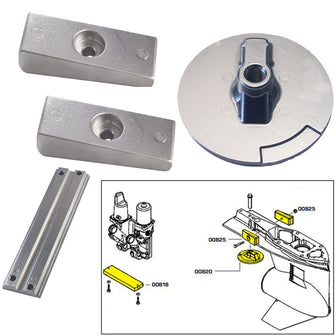 Tecnoseal Anode Kit w/Hardware - Mercury Verado 4 - Aluminum | 20814AL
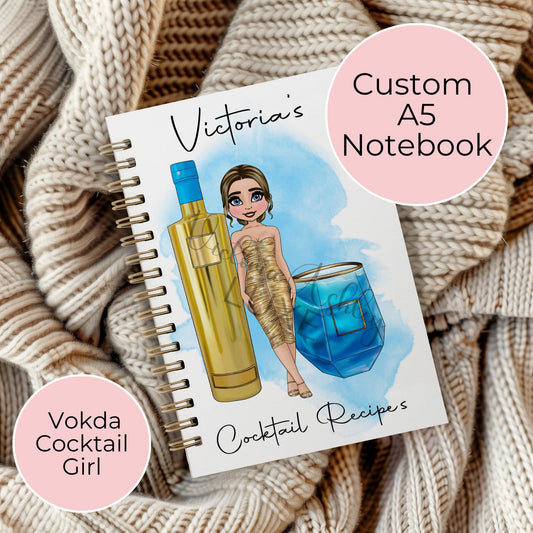 A5 Wirebound Notebook, Vodka Girl Custom Character Lined Paper Journal, Wedding Cocktail Party Event Planning Diary, Business Planning Notes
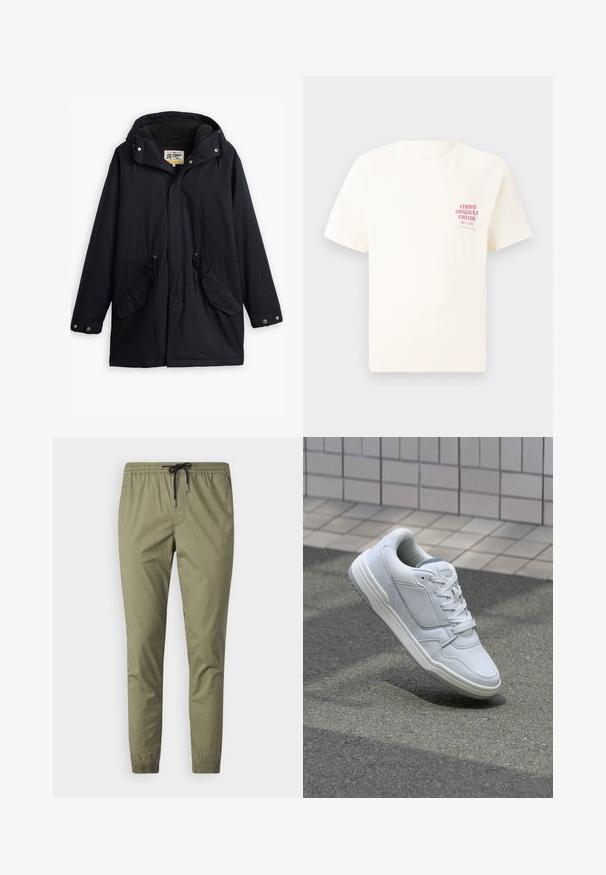 Černá voděodolná parka s odnímatelnou kapucí, stažením v pase, dvěma bočními kapsami a měkkou podšívkou. Obsahuje patentky a odolnou tkaninu.; Bílý krátký rukávový tričko s červeným textem "Studio Originals Edition" na levé hrudi, vystavené na neutrálním šedém pozadí.; Světlé olivově zelené jogger kalhoty vyrobené z měkké tkaniny, s elastickým pasem na tkaničku a elastickými manžetami na kotnících.; Bílé kožené tenisky s perforovanými stranami, texturovanými detaily, plochými tkaničkami a kontrastní šedou patou. Mají mírně zvýšenou podrážku.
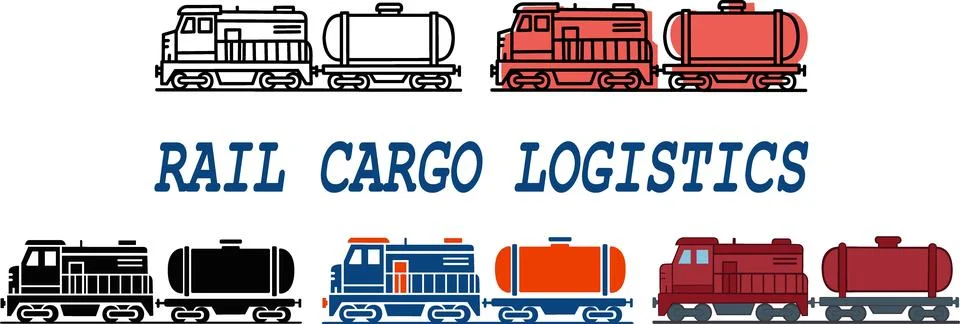 Rail cargo logistics train icon set Ilustración de archivo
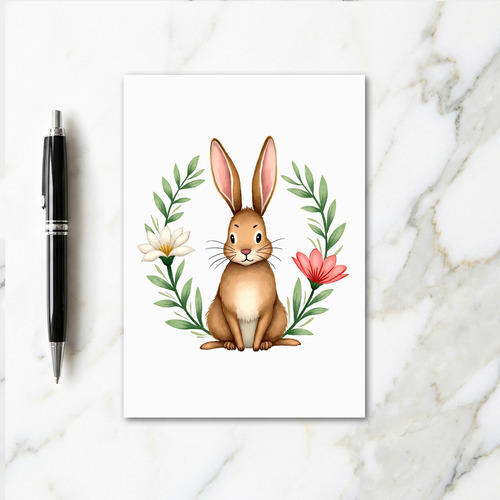 Rabbit Floral Watercolor Art Card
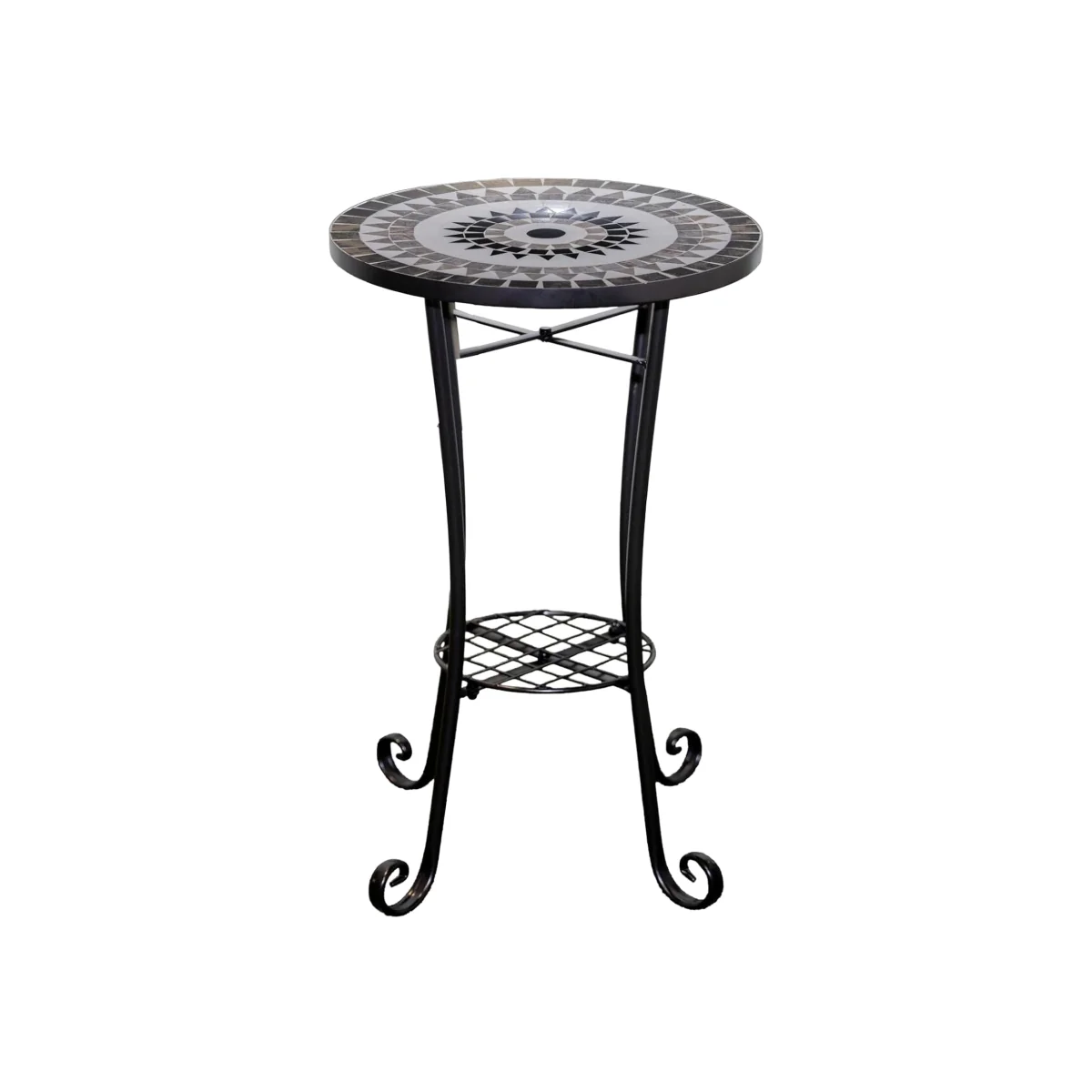Medina Mosaic Plant Stand Side Table - Multi Color frame with mosaic tile seat – image 1
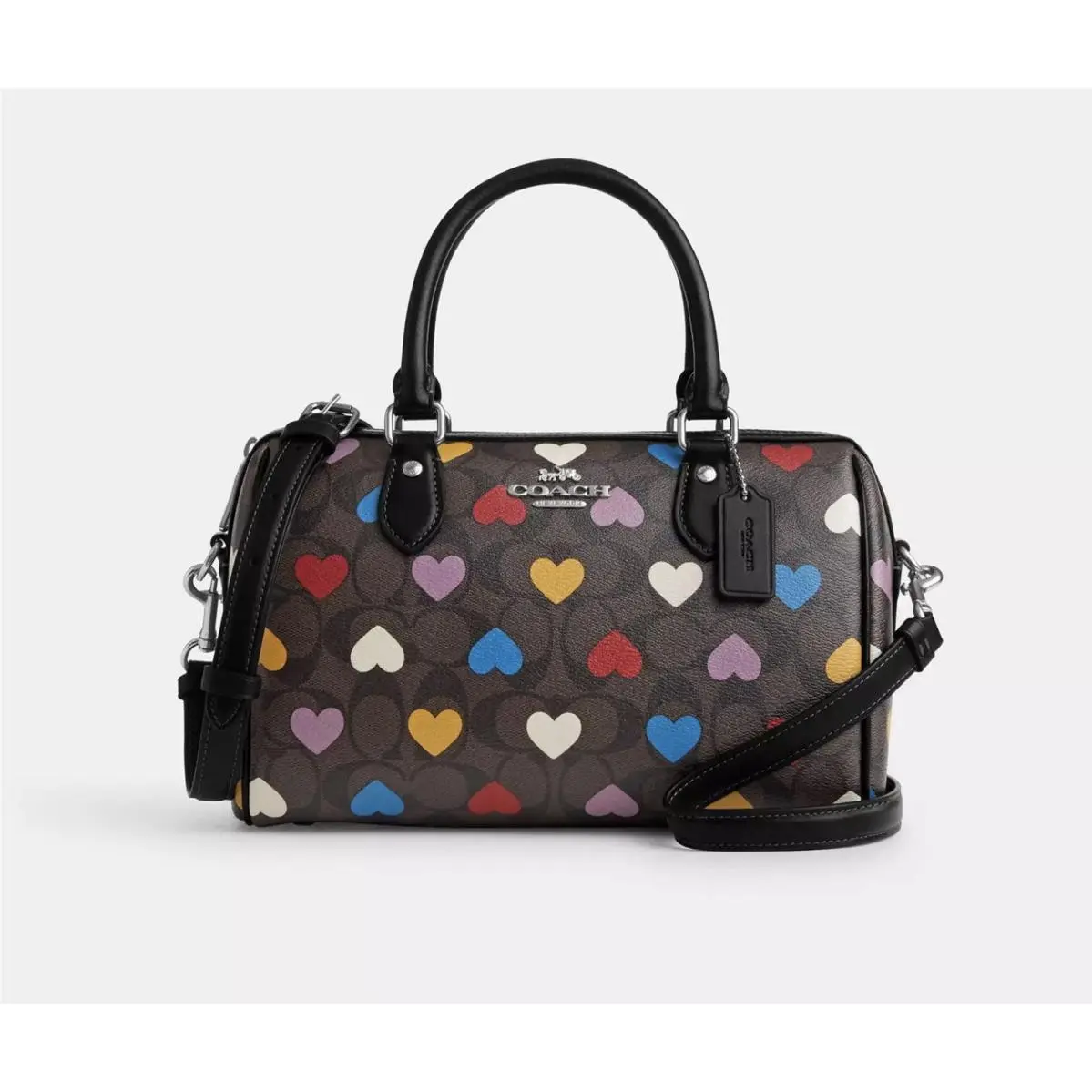 Coach Rowan Satchel Bag In Signature Canvaswith Heart Print CP109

=== What you should do ===
Print each entry above verbatim, pictures left out.

=== Answer space ===
 Tecnoseal Anode Kit w/Hardware - Mercury Verado 4 - Aluminum | 20814AL
 A5 Wirebound Notebook, Vodka Girl Custom Character Lined Paper Journal, Wedding Cocktail Party Event Planning Diary, Business Planning Notes
 Černá voděodolná parka s odnímatelnou kapucí, stažením v pase, dvěma bočními kapsami a měkkou podšívkou. Obsahuje patentky a odolnou tkaninu.; Bílý krátký rukávový tričko s červeným textem "Studio Originals Edition" na levé hrudi, vystavené na neutrálním šedém pozadí.; Světlé olivově zelené jogger kalhoty vyrobené z měkké tkaniny, s elastickým pasem na tkaničku a elastickými manžetami na kotnících.; Bílé kožené tenisky s perforovanými stranami, texturovanými detaily, plochými tkaničkami a kontrastní šedou patou. Mají mírně zvýšenou podrážku.
 Rail cargo logistics train icon set Ilustración de archivo
 Rabbit Floral Watercolor Art Card
Medina Mosaic Plant Stand Side Table - Multi Color frame with mosaic tile seat – image 1
 Coach Rowan Satchel Bag In Signature Canvaswith Heart Print CP109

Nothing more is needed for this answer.